* [WHAT IS REQUIRED] Write out the listing below character for character, though without its pictures.

* [GIVEN DATA]
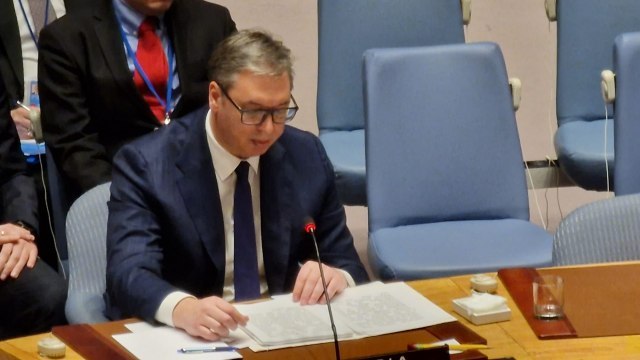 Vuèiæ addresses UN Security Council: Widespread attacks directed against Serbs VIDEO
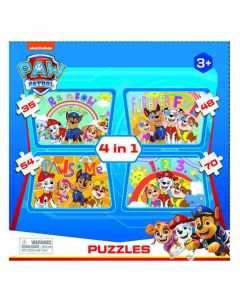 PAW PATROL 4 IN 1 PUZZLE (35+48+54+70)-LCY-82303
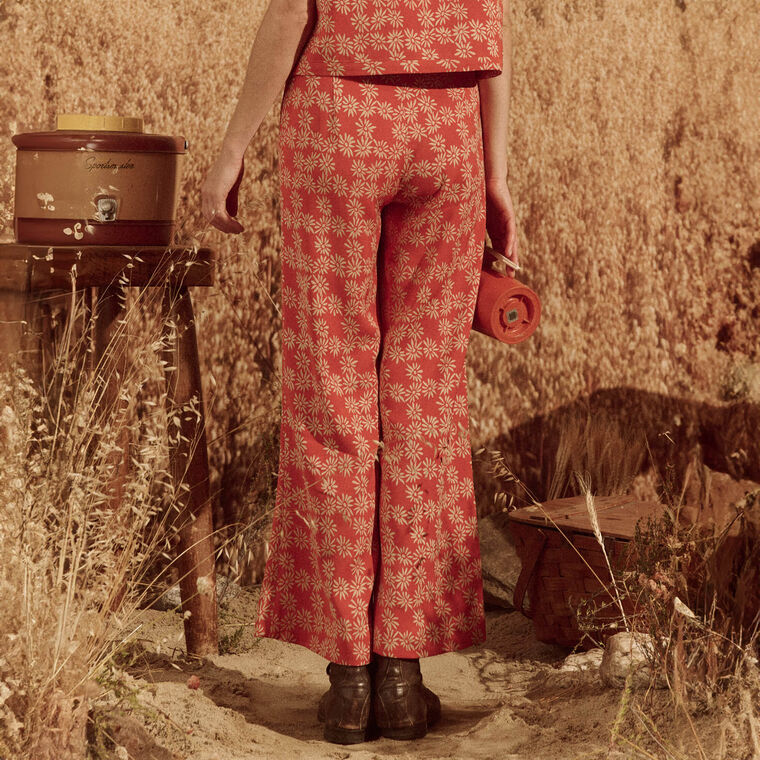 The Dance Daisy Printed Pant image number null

* [TASK RESULT]
 Vuèiæ addresses UN Security Council: Widespread attacks directed against Serbs VIDEO
 PAW PATROL 4 IN 1 PUZZLE (35+48+54+70)-LCY-82303
 The Dance Daisy Printed Pant image number null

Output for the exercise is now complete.